According to this table, the substance-side numerical aperture is
0.218, and the magnification in the secondary direction .beta.s is
-0.75595.
[0107] As is understood from FIGS. 7 to 12, a surface S1 is a back
surface (a surface on which the organic EL element is formed) of a
glass substrate as the head substrate 293, a surface S2 is a front
surface of the glass substrate as the head substrate 293, a surface
S3 is a aperture stop, the surface S4 is a lens surface of the
resin lens LS1, a surface S5 is a boundary between the resin lens
LS1 and the back surface of a glass substrate SB1 on which the
resin lens LS1 is formed, a surface S6 is a front surface of the
glass substrate SB1, the surface S7 is a lens surface of the resin
lens LS2, a surface S8 is a boundary between the resin lens LS2 and
a glass substrate SB2 on which the resin lens LS2 is formed, a
surface S9 is a front surface of the glass substrate SB2, and a
surface S10 is an image surface (exposed surface). The lights from
the light-emitting element group EG (FIG. 13) are imaged by the
imaging optical system configured as describe above, and the spot
group SG (FIG. 15) is formed on the exposed surface ES.
[0108] FIG. 13 is a plan view showing a configuration of the
light-emitting element group. In FIG. 13, only the light-emitting
elements E which emit lights in fact and are used for spot
formation are illustrated, and the illustration of the dummy
elements is omitted. As described above with reference to FIG. 5,
the distances Dr12, Dr34, and Dr23 between the four rows of
light-emitting element rows ER1 to ER 4 arranged in the secondary
scanning direction SD in the light-emitting element group EG
satisfy the equation; Dr12:Dr23:Dr34=l:m:n (l, m, and, n are
positive integer numbers). In particular, in the first embodiment,
Dr12=28 [.mu.m], Dr23=42 [.mu.m], and Dr34=28 [.mu.m], and
Dr12:Dr23:Dr34=l:m:n=2:3:2 is satisfied. The diameters of the
respective circular light-emitting elements which constitute the
light-emitting element group EG are 32 [.mu.m].

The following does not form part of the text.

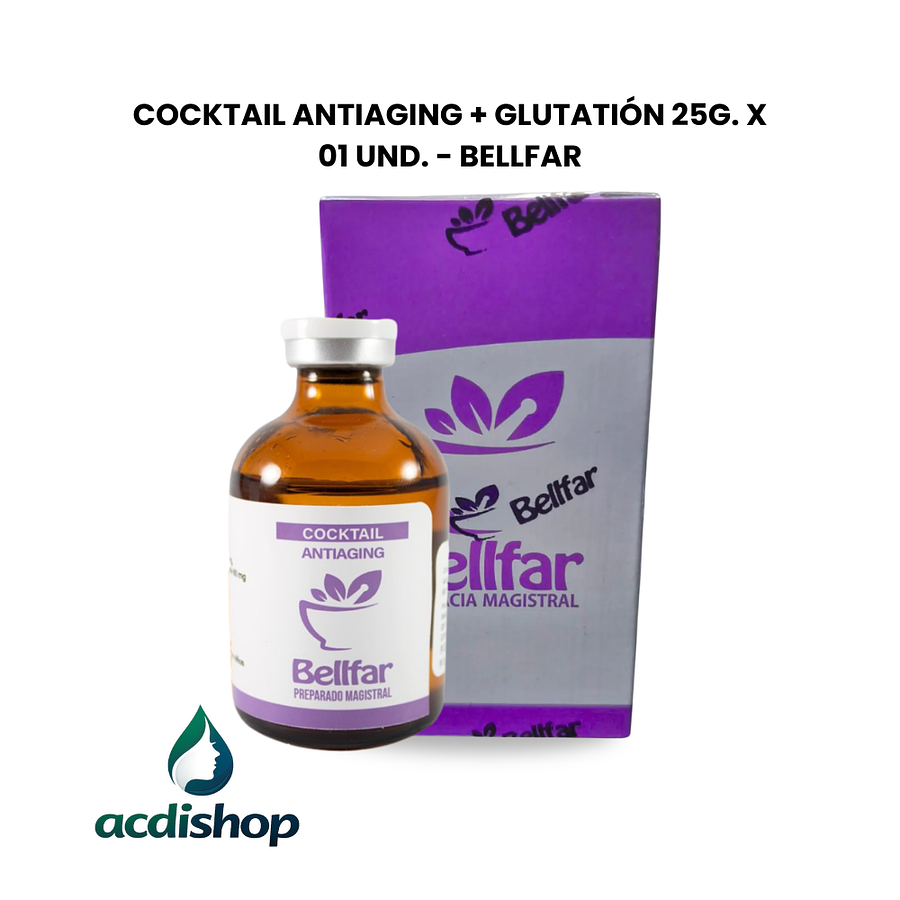 COCKTAIL ANTIAGING + GLUTATIÓN 01 UND. X 25G. - BELLFAR 1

[0109] In this embodiment, the distances Dr12, Dr23, and Dr34 are
set to satisfy the equation; m=l+1=n+1, and the distance Dr23 is
larger than the distances Dr12 and Dr34. It is intended to avoid
interference (FIG. 14) between the light-emitting element row ER2
and the light-emitting element row ER3 while maintaining the
dimensions of the light-emitting elements E. FIG. 14 is a plan view
showing a light-emitting group in which the distances Dr12, Dr34,
and Dr23 are equal. In the example shown in FIG. 14, the distances
Dr12, Dr34, and Dr23 are all 28 [.mu.m] and are equal to each
other, and the distance Dr23 between the light-emitting element row
ER2 and the light-emitting element row ER3 are not secured
sufficiently. Consequently, interference is occurred between the
light-emitting element row ER2 and the light-emitting element row
ER3. Therefore, in order to achieve the configuration shown in FIG.

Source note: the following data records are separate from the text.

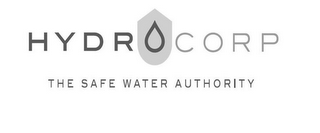 HYDR O CORP THE SAFE WATER AUTHORITY logo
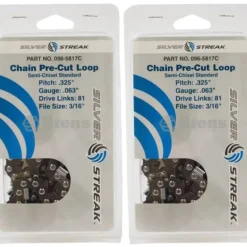 Outlet 2 Pack Stens 096-5817C Chain Loop Clamshell 81 DL .325" .063 S-Chisel Standard - Explore Premium Parts & Accessories for All Motor Vehicle Models Stens Parts & Accessories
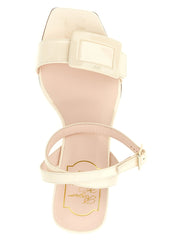 Roger Vivier White Calfskin Wedge Sandals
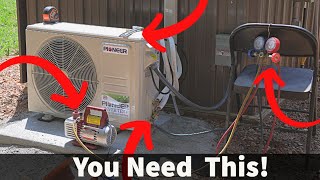 Install a Ductless Mini Split Air Conditioner Heat Pump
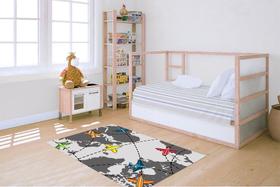 Tapete Infantil Decorativo, Retangular, 1,00m X 1,30m - Aviões Tapete Infantil Decorativo, Retangular, 1,00m X 1,30m - Aviões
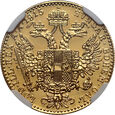 Austria, Franciszek Józef I, dukat 1915, Nowe bicie, NGC MS66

14 in which the distances Dr12, Dr34, and Dr23 are equal, the
diameters of the light-emitting elements E are needed to be set to
a value smaller than 32 [.mu.m]. However, this is not preferable
because the amount of light used for the spot formation is reduced.
Therefore, in this embodiment, the distances Dr12, Dr23, and Dr34
are set to satisfy the equation; m=l+1=n+1, and the distance Dr23
is larger than the distances Dr12 and Dr34. Accordingly, the
interference between the light-emitting element row ER2 and the
light-emitting element row ER3 can be avoided while maintaining the
dimensions of the light-emitting elements E and securing the amount
of light used for the spot formation sufficiently.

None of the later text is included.